### About this task
Nothing outside the range below should be printed. Output exactly the lines from the line with "Maison Margiela メゾンマルジェラ ロゴ" to the line with "Borsa a mano", both included.

### Given information
━━━━━━━━━━━━━━━━━━━━━━━━━━━━━━
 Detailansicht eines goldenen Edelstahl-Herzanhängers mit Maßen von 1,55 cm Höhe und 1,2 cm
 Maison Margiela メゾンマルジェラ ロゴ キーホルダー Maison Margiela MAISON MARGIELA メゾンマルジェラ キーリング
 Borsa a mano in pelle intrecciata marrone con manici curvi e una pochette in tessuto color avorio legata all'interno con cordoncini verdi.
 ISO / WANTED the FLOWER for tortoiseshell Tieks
━━━━━━━━━━━━━━━━━━━━━━━━━━━━━━
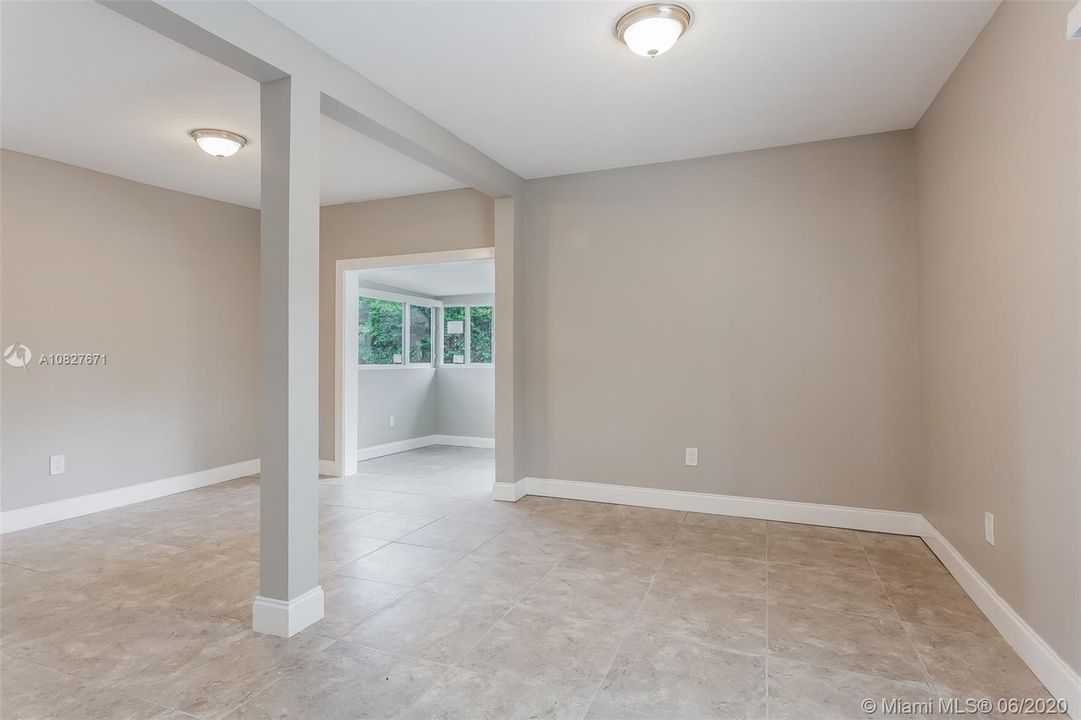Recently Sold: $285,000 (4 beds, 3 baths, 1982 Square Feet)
━━━━━━━━━━━━━━━━━━━━━━━━━━━━━━
### Problem solution
 Maison Margiela メゾンマルジェラ ロゴ キーホルダー Maison Margiela MAISON MARGIELA メゾンマルジェラ キーリング
 Borsa a mano in pelle intrecciata marrone con manici curvi e una pochette in tessuto color avorio legata all'interno con cordoncini verdi.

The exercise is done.